Class of ’87, Dominican origins, Lucia Hierro is a conceptual artist born and raised in Washington Heights, NYC.
Her career is intertwined with personal history, raw material for the cultural and social reflections of her works.
Between Pop Art, minimalism and the “troublesome” tradition of still life, ironically defined by the artist for the documentary insistence of Dutch culture. Captured by the symbolism of these languages, Lucia Hierro expresses herself through everyday objects of Latinx culture and New York neighborhoods, showing contrasts and connections between cultures and social classes.
Social identity is the focus of the artist’s artistic and personal journey, which translates her reflections into digital prints, sculptures, installations and narrative collages. Exploiting the sense of familiarity evoked by the materials, Lucia works by “layers of meaning” as in the Bodegon or Mercado series that tell our consumer history in an intimate and personal way.

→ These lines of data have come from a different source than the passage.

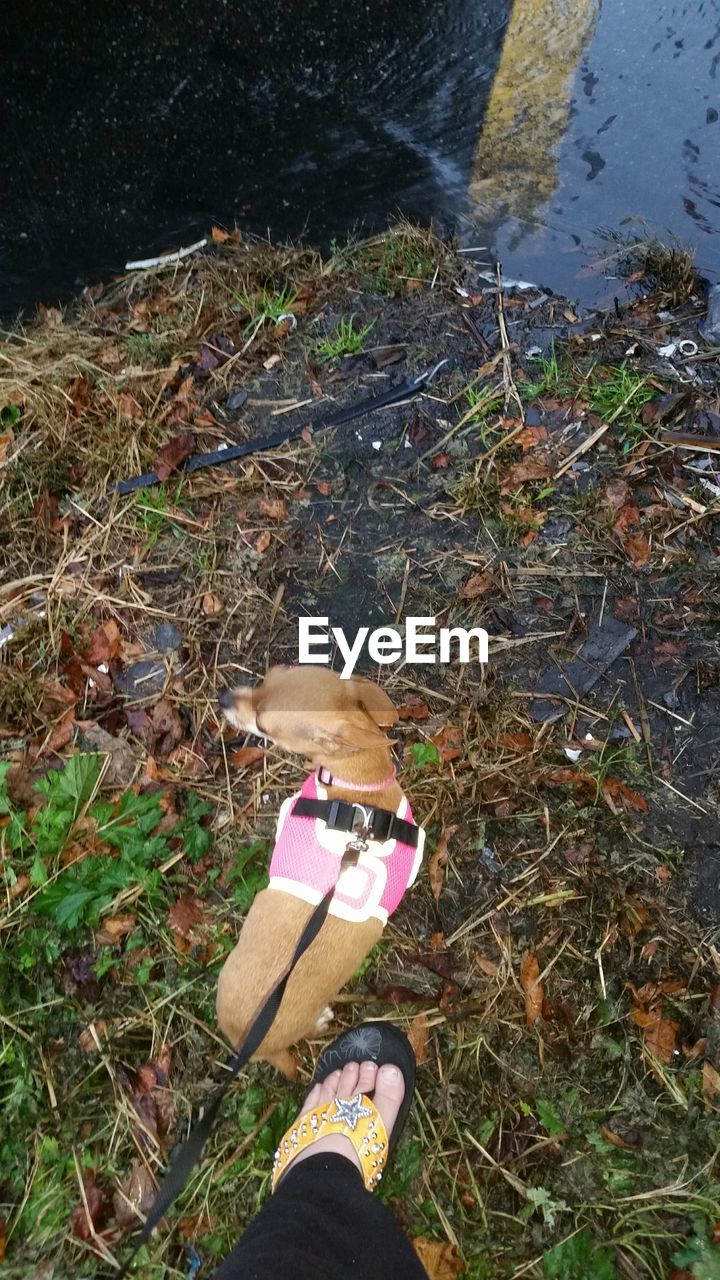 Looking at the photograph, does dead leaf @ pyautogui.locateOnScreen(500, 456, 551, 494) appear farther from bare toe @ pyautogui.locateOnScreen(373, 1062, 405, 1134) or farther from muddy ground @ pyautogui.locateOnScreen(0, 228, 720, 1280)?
bare toe @ pyautogui.locateOnScreen(373, 1062, 405, 1134)

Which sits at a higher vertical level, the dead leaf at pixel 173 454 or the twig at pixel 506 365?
the twig at pixel 506 365

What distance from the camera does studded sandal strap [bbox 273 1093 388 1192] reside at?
7.39ft

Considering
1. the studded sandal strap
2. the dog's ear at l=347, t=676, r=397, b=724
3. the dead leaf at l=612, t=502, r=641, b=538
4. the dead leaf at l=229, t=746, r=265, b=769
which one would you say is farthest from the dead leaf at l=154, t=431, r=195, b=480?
the studded sandal strap

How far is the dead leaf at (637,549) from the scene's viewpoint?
117 inches

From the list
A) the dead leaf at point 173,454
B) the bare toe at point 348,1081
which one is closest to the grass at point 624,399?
the dead leaf at point 173,454

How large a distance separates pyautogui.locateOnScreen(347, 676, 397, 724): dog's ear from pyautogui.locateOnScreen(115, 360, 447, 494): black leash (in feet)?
4.97

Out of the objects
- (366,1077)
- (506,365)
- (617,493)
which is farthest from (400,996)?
(506,365)

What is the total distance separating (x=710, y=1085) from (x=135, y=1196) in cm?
190

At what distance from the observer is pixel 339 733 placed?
7.17 feet

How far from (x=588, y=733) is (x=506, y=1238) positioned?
1658 millimetres

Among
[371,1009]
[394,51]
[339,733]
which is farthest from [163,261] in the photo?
[371,1009]

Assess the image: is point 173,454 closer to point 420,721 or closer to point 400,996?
point 420,721

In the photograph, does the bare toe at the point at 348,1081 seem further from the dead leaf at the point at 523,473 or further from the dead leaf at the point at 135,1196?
the dead leaf at the point at 523,473

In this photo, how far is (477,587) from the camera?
3.01 meters
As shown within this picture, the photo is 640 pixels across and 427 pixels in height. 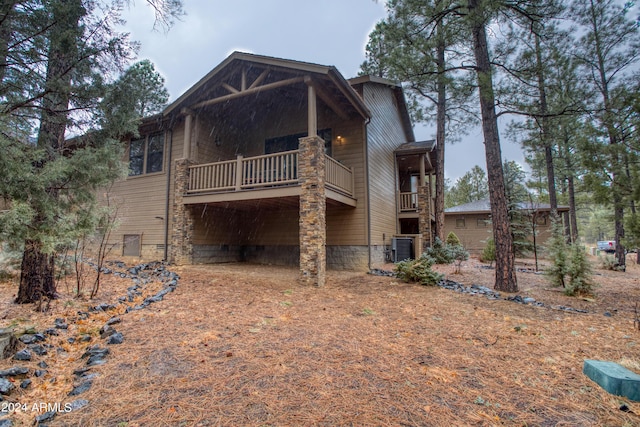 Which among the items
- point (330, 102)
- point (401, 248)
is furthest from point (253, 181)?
point (401, 248)

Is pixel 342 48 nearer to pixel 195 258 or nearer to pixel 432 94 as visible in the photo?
pixel 432 94

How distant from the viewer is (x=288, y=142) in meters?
11.7

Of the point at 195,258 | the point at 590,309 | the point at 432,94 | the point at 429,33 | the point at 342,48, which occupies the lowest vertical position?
the point at 590,309

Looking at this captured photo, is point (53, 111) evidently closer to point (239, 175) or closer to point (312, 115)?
point (239, 175)

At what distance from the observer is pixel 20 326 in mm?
3758

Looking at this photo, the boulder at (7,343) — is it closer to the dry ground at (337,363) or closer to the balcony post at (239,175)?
the dry ground at (337,363)

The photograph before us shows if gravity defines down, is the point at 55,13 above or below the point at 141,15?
below

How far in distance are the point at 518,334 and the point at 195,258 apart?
30.1 ft

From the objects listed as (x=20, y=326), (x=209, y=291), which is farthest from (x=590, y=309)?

Identification is a fundamental point of her work: “what is more personal than a material that you wear, or sleep in, or sit on?”. The object becomes a model of life, it speaks to us of the “invisible jobs” of immigrant communities, of a culture that is as fluid as it is classist and exclusive.
Lucia Hierra pursues her debate by juxtaposing familiar and unfamiliar realities and images to distort, abstract and question the place of these objects in our lives and our place in the society of objects.
In this reality, consumerism dictates the rules and the giant transparent shopping bags full of all kinds of items become the synonym of our daily life. In front of Lucia Hierro’s works we feel suspended between a personal, subjective narration and a collective discourse that challenges each of us.
The objects are the currency of our time, as each one varies we see a different model of living, “even if you do not see a specific face, the human condition is everywhere”.